## Problem description:
Below are records with pictures in them. Transcribe everything from the line containing "My email address" down to the line containing "Appartamento in vendita", exactly, and leave the pictures behind.

## Records supplied:
--------------------

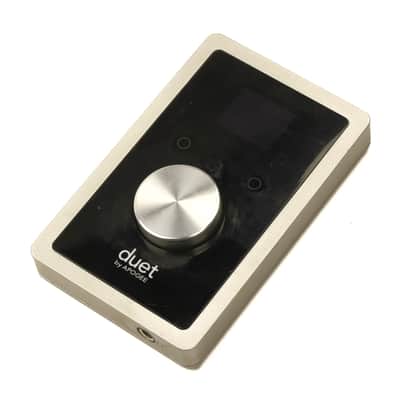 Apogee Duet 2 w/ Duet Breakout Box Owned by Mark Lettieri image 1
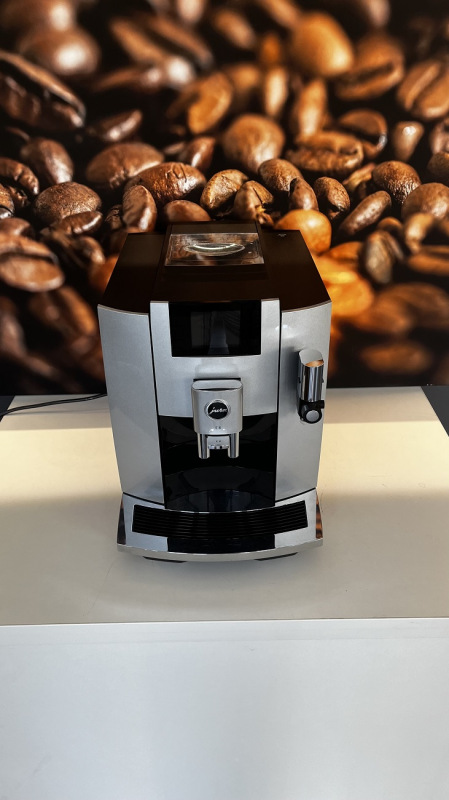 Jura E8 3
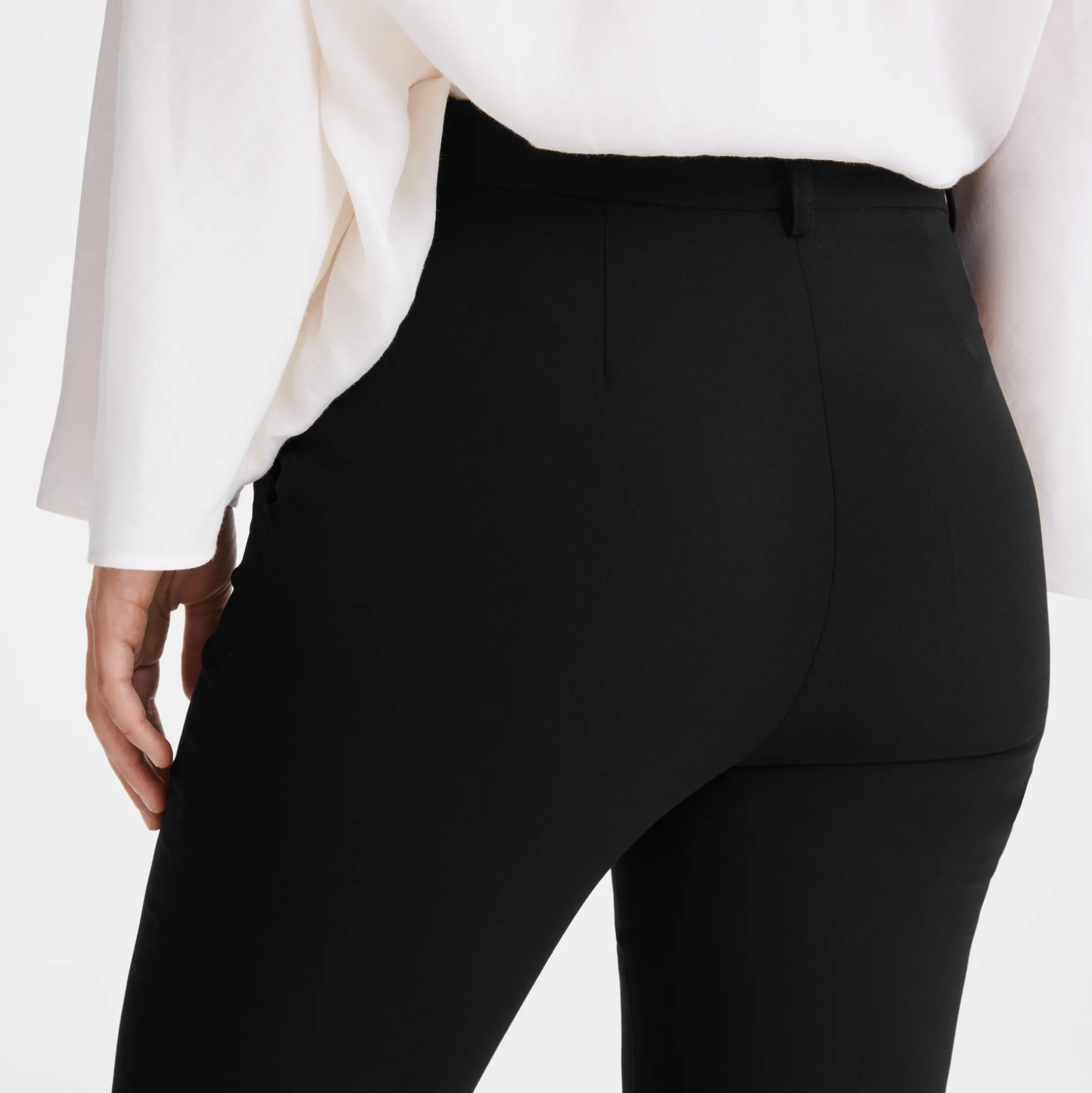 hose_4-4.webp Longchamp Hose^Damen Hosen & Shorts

--------------------

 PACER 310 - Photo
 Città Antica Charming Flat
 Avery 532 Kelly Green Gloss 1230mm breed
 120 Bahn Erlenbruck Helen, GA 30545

--------------------

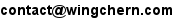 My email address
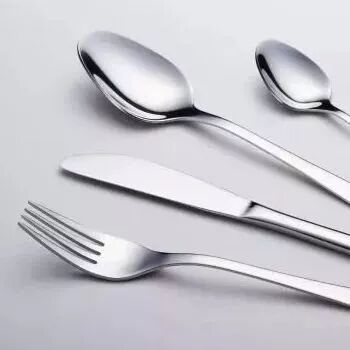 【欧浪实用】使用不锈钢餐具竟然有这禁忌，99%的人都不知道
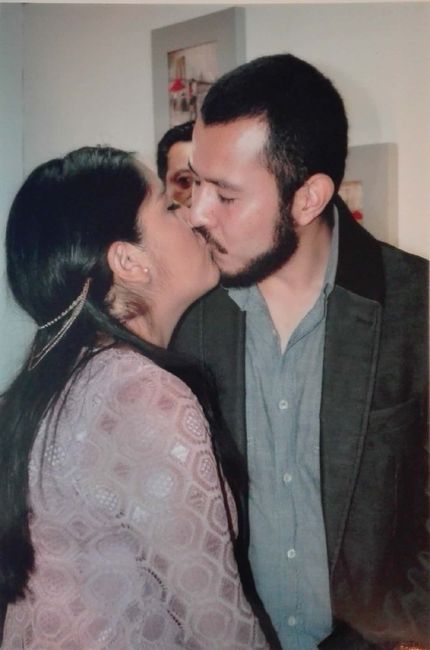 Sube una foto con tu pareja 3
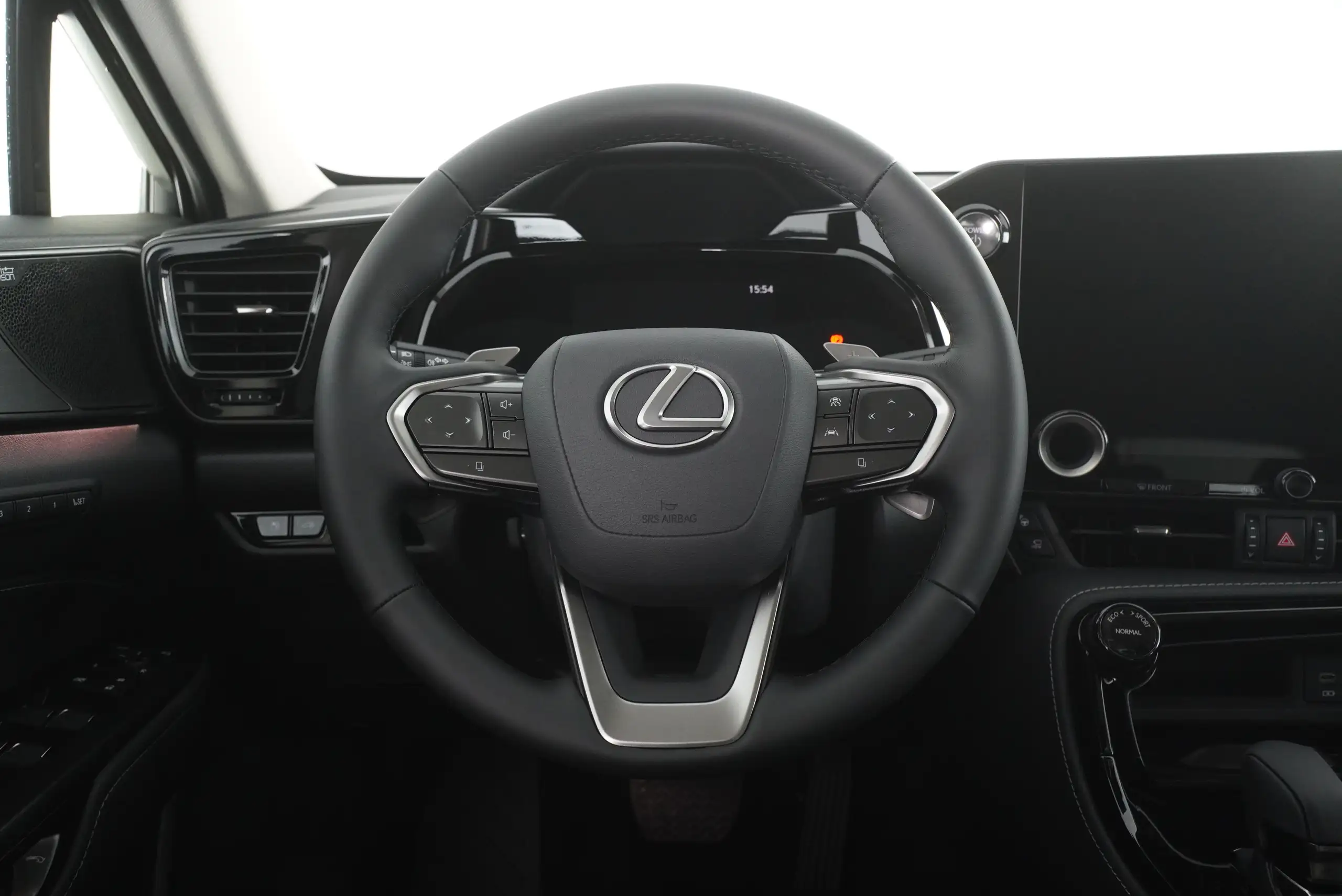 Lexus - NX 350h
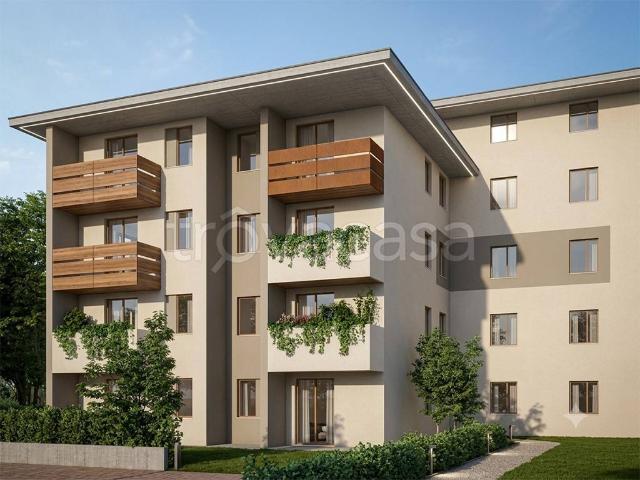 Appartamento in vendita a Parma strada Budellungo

--------------------

## Finished exercise:
 My email address
 【欧浪实用】使用不锈钢餐具竟然有这禁忌，99%的人都不知道
 Sube una foto con tu pareja 3
 Lexus - NX 350h
 Appartamento in vendita a Parma strada Budellungo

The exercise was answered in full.